What does MOV EAX, DWORD PTR DS:[ESI] mean and what does it do?

Solution 1:

Registers in square brackets such as [ESI] are dereferenced pointers. The instruction you quote moves the DWORD (a 32-bit/4-byte value) in memory location specified by ESI into register EAX. In your case, memory location 00402050, read as a DWORD, contains 34333231.

Written in pseudo-C:

DWORD EAX;   /* Declaring the registers as we find them in silico */
DWORD ESI;

ESI = 0x00402050;  /* Set up your initial conditions for ESI */
EAX = *((DWORD *)ESI);   /* mov EAX, DWORD PTR [ESI] */
/*  ^ ^  ^^^^^^^    */
/*  | |     |       */
/*  | |     +-----------  From "DWORD PTR" we get "DWORD *" in C.          */
/*  | |             */ 
/*  | +-----------------  The C dereferencing operator * replaces [].      */
/*  |               */ 
/*  +-------------------  The C assignment operator = replaces mov opcode. */ 

In your case, it is not true that 0x00402050 "equals" the string "1234567890" -- rather it points to the memory which contains that string.
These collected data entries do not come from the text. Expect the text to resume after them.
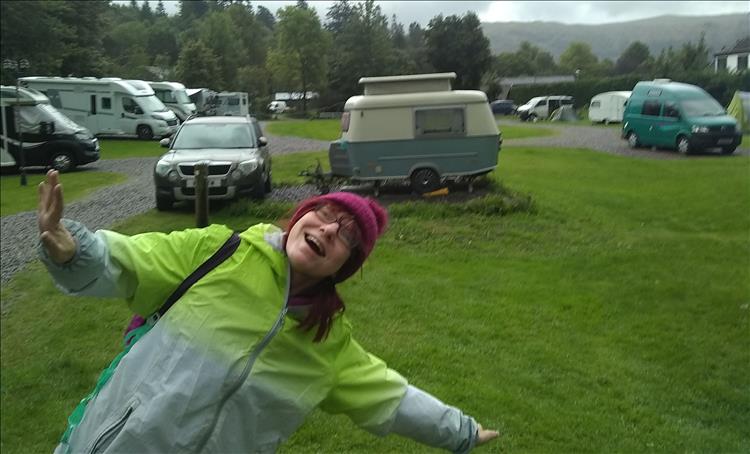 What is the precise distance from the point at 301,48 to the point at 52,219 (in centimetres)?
177

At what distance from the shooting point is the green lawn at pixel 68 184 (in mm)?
3195

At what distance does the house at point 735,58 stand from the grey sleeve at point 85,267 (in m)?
3.07

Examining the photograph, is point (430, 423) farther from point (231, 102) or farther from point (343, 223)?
point (231, 102)

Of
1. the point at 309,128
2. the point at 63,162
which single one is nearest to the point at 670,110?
the point at 309,128

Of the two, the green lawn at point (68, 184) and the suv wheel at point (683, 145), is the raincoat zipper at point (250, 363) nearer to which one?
the green lawn at point (68, 184)

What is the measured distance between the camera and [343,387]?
1910 mm

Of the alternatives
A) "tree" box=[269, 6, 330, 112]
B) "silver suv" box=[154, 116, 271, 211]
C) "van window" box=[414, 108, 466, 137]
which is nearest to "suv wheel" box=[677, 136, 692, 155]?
"van window" box=[414, 108, 466, 137]

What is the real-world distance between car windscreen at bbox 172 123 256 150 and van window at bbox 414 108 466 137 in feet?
2.42

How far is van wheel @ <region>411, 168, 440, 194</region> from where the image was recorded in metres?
3.29

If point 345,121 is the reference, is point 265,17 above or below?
above

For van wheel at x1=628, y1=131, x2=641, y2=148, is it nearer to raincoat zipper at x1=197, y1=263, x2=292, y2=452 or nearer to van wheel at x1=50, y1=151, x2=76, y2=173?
raincoat zipper at x1=197, y1=263, x2=292, y2=452

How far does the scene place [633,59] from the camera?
11.6 feet

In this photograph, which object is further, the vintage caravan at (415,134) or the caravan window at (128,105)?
the caravan window at (128,105)

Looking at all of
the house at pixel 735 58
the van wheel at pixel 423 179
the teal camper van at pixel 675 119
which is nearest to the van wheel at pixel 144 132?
the van wheel at pixel 423 179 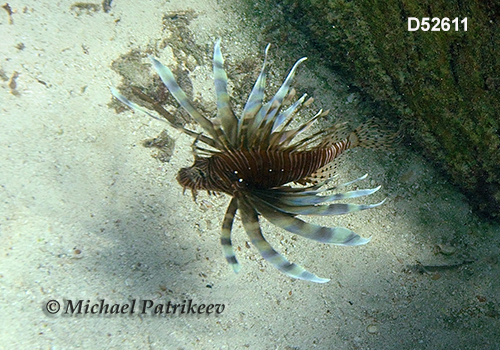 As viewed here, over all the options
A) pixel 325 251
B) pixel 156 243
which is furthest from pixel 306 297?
pixel 156 243

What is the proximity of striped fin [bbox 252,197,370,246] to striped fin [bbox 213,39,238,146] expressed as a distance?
0.56m

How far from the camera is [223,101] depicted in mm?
2338

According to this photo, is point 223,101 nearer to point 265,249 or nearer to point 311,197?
point 311,197

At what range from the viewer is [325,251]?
2.94 m

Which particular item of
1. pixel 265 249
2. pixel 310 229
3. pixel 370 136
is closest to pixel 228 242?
pixel 265 249

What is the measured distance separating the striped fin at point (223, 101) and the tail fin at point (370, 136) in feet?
3.52

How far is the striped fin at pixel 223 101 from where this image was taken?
2277 millimetres

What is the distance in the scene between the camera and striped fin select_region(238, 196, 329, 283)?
1.80 meters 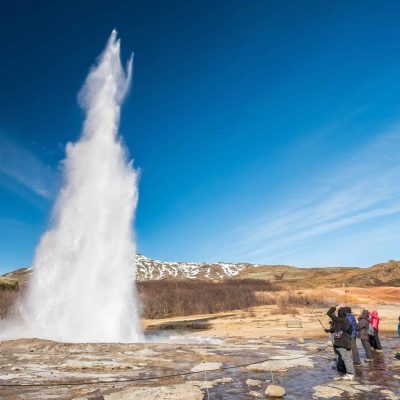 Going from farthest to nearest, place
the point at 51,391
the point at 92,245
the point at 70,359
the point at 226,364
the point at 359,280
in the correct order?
the point at 359,280 → the point at 92,245 → the point at 70,359 → the point at 226,364 → the point at 51,391

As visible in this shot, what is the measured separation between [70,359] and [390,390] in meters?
Result: 14.5

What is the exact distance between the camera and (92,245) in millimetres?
34062

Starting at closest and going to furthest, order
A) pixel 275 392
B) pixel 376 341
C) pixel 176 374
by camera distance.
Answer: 1. pixel 275 392
2. pixel 176 374
3. pixel 376 341

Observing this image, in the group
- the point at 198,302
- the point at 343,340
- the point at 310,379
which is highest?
the point at 198,302

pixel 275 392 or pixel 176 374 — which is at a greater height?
pixel 176 374

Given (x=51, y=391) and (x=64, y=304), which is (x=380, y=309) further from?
(x=51, y=391)

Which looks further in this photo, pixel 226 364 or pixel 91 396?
pixel 226 364

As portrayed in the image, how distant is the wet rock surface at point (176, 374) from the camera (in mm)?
12273

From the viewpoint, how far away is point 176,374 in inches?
608

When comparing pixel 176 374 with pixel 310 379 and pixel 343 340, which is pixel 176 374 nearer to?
pixel 310 379

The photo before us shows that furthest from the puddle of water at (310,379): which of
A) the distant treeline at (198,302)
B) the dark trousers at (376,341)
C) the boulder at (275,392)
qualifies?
the distant treeline at (198,302)

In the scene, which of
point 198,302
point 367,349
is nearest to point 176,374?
point 367,349

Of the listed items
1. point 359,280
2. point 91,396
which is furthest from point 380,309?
point 359,280

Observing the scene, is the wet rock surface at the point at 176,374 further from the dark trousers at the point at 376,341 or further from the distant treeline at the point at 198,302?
the distant treeline at the point at 198,302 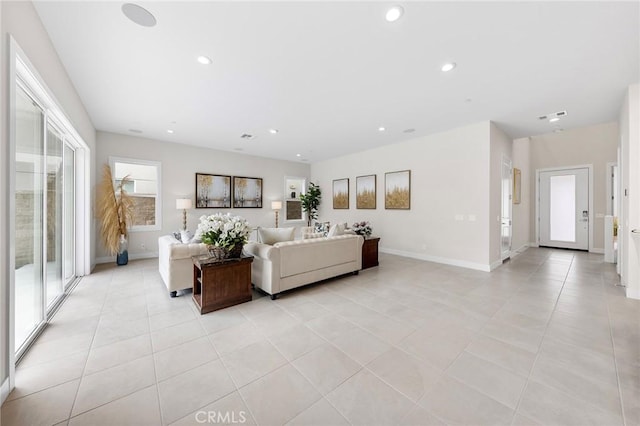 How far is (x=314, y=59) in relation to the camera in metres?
2.73

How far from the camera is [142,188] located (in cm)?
597

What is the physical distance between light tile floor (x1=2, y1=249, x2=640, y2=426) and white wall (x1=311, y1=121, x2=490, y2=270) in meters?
1.72

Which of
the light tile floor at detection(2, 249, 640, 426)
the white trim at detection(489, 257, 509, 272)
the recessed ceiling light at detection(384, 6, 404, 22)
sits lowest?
the light tile floor at detection(2, 249, 640, 426)

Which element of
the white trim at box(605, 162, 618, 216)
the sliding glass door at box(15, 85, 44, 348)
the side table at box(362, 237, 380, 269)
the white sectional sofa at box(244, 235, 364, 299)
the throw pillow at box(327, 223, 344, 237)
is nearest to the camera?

The value which you obtain, 0x34333231 is comprised from the ASCII values for the digits "1234", which are the first four bytes (i.e., the first DWORD) of the string. They appear in reversed order because the Intel architecture is "little endian" in the byte representation of a DWORD in memory.

In your example at this time, the mov instruction is loading ASCII characters as if they were the four bytes of an unsigned long value, when they are actually a string of single-byte characters.